Does Putting Neosporin Up Your Nose Keep You From Getting Sick on a Plane?

For many of us, the scariest thing about flying is not the threat of turbulence but the dreaded spread of germs that happens when air continuously circulates inside of a metal tube for hours on end. Because of this, you may have tried a trick or two to prevent yourself from getting sick after a flight. One gem of advices popular on the Internet is a doozy: Putting antibiotic ointment (like Neosporin) up your nose in an effort to kill germs and keep you from getting sick on a plane. But does this actually work?

The short answer is no. “The application of an antibiotic ointment into the nostrils to prevent infection on flights is not going to prevent the transmission of viruses, which are the most common airborne infection spread between people,” says Erich Voigt, M.D., an ear, nose, and throat surgeon at NYU Langone Health. “Viruses can enter the body and cause infection by entering the eyes, the nose, or mouth. Antibiotics are not effective at all in preventing or fighting viruses.”

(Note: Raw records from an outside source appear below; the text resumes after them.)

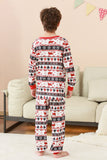 Ensemble de pyjama assorti imprimé Noël imprimé noir et blanc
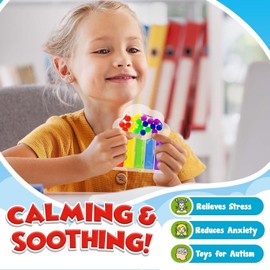 Fidget Toys, Colour Sorting Toy, Anti-Stress Toy, Sensory Toy, ADHD, Autism, Anti-Stress Gel Stuffed Toys for Children, Squeezable Game, Adhs and Autism (Star)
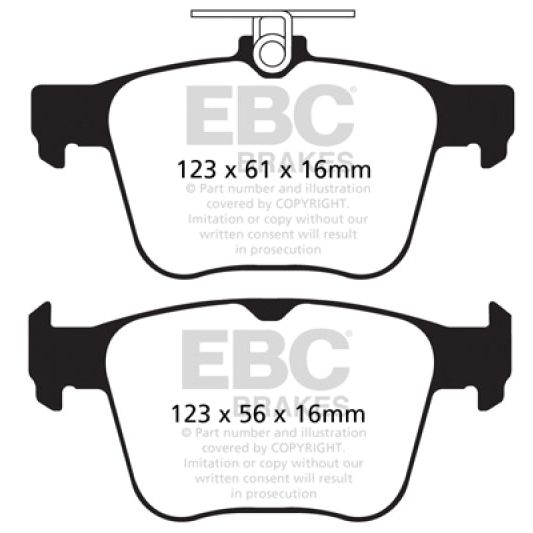 EBC DP32173C - EBCDP32173C - EBC 14-20 Audi S3 2.0 Turbo Redstuff Rear Brake Pads - Shipped in Europe - Tuningsupply.com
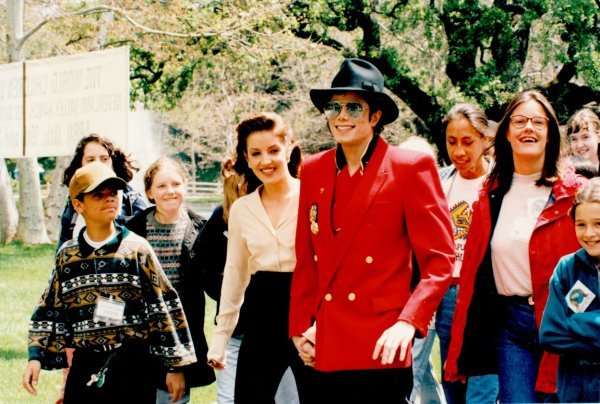 Lisa Marie Presley i Michael Jackson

That said, the antibiotic ointment isn’t completely useless. “The moisturizing effect of a topical antibiotic, or of a saline gel or saline spray may, make the nasal mucosa less prone to a viral particle entering the mucosa.” In other words, it can help fight desert-dry plane air, which can dry out the inside of your nose and cause microscopic tears that make you more vulnerable to viruses.

How to fight germs on an airplane

If you’re looking to prevent yourself from getting sick, forget the Neosporin and focus on keeping well hydrated. Voigt also says you should “avoid touching unclean surfaces and then touching the nose or rubbing the eyes” since this transmits germs from the surfaces to you. Airplane seats are notoriously germy, so if you want to prevent infection, bring a pack of disinfectant wipes with you to wipe down the tray table, armrests, and seat itself. At the very least, throw a bottle of hand sanitizer in your carry on.

According to Maggie Berghoff, functional medicine expert and nurse practitioner, there are other things you can do to keep from getting sick on a plane. These include: Boost your immune system with fruits and veggies, consider traveling with organic green juice packets to put into your water on the plane, and avoid sugar and simple carbohydrates such as pasta and breads. The last bit may be particularly helpful, if painful to hear, because “they can cause inflammation in your body and plummet your immune system, allowing you to be more likely to catch whatever illnesses are doing around,” she says.